GOVERNO TENCIONA AUMENTAR RECEITAS DE ESTADO
O ministro das Finanças projecta aumentar as receitas do estado provenientes das alfândegas em 52 bilhões de francos CFA para o ano 2021, em comparação a melhores receitas registadas no ano 2017.
A projecção feita pelo titular da pasta das Finanças durante uma entrevista aos jornalistas, esta sexta-feira, por mais de uma hora, no seu gabinete.
João Aladje Fadia acredita que a economia mundial poderia retomar normalmente as suas actividades pela diminuição da Covid19 o que elevará no aumento significativo de receitas das alfândegas em 52 biliões de francos CFA.
“Já iniciamos a trabalhar o Orçamento Geral do Estado para o ano 2021 por isso no que diz respeito à receita tomamos uma medida muita ousada para aumentar significativamente as receitas, das alfândegas para que situam em 52 bilhões de francos CFA como em 2017”, aponta o ministro das finanças.
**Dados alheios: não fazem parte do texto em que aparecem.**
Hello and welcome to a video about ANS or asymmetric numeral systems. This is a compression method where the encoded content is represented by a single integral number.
Por outro lado, o ministro das finanças defende a fiscalização rigorosas das receitas do estado como condições para inverter as tendências, uma vez que actualmente a massa salarial são de 76 por cento destinadas para o pagamento de salários.
“Estamos a trabalhar nas reformas internas para melhorar as capacidades de trabalhos sobretudo na fiscalização e no empenho dos técnicos em que a nossa receita representa 7,5 ou seja a taxa de pressão fiscal enquanto na união ronda-se por 20 por cento a este facto a tendência deve investir”, salientou Fadia.
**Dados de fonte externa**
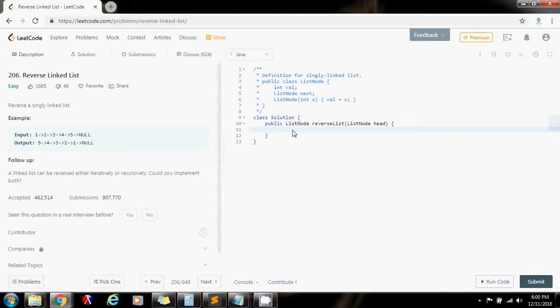So in order to do that, we're going to handle the base case. Whenever we are at the last node, that's going to be the base case. So we're going to return that pointer to the last node every recursive call. And that's going to give us back the head.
Fadia denuncia ainda o que considera de aumento de cerca um bilhão de franco CFA no pagamento dos ordenados aos funcionários públicos que, segundo o governante, é difícil para que haja melhoria dos salários aos trabalhadores.
“Um dos problemas que temos de facto é o pagamento dos salários assistimos no primeiro semestre de 2018 para aqui um aumento um bilhão e setecentos milhões de francos CFA na factura de salário ou seja saiu de 3.7 para 5.4 que é muito forte assim não podemos fazer a melhoria de salários os servidores públicos”, alertou o ministro das Finanças João Aladje.
De acordo com o ministro das finanças as maiores fontes das receitas do estado são alfândegas, que dependem do comércio internacional DCI assim como às pescas.